Physiology of B cells in mice with X-linked immunodeficiency (xid). III. Disappearance of xid B cells in double bone marrow chimeras

PMCID: PMC2187403  PMID: 6381637

Abstract

Evidence is presented that B cells from mice with X-linked immunodeficiency (xid) differentiate at a slower rate than normal B cells. This conclusion stems from studies in which (B6 X CBA/J)F1 mice were heavily irradiated (1,000 rads) and reconstituted with a mixture of T-depleted marrow cells taken from (a) nondefective B6 mice (H-2b) and (b) xid CBA/N or nondefective CBA/Ca mice (both H-2k). With transfer of CBA/Ca plus B6 marrow cells, the irradiated recipients become repopulated with B cells derived from both parental marrow sources; except for an early imbalance (probably reflecting Hh resistance), the degree of chimerism remained relatively stable over a period of more than 6 months. Very different results occurred with transfer of a mixture of xid CBA/N and normal B6 marrow. Within the first 2 months after marrow reconstitution, a low but significant proportion of the B cells in both spleen and lymph nodes were of CBA/N origin. Thereafter the proportion of these cells fell progressively, and by 6-9 months virtually all of the B cells were of B6 origin.
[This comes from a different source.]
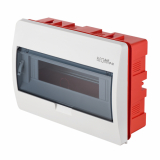 ELEKTRO-PLAST NASIELSK - ROZDZIELNIA RP 1X12 PE+N P/T IP40 ELEGANT  - 2413-01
This gradual decline in CBA/N-derived cells did not apply to other cell types, i.e., T cells or pluripotential stem cells. Analogous results were obtained with transfer of CBA/N vs. CBA/Ca marrow cells into sublethally irradiated (750 rads) (CBA/N X DBA/2)F1 male vs. female mice. For example, CBA/N-marrow derived B cells differentiated effectively and survived for long periods in F1 male mice (xid----xid) but not in F1 female mice (xid----normal). The finding that xid B cells eventually disappear in the presence of normal B cells strengthens the view that xid B cells are an abnormal population not represented in normal mice.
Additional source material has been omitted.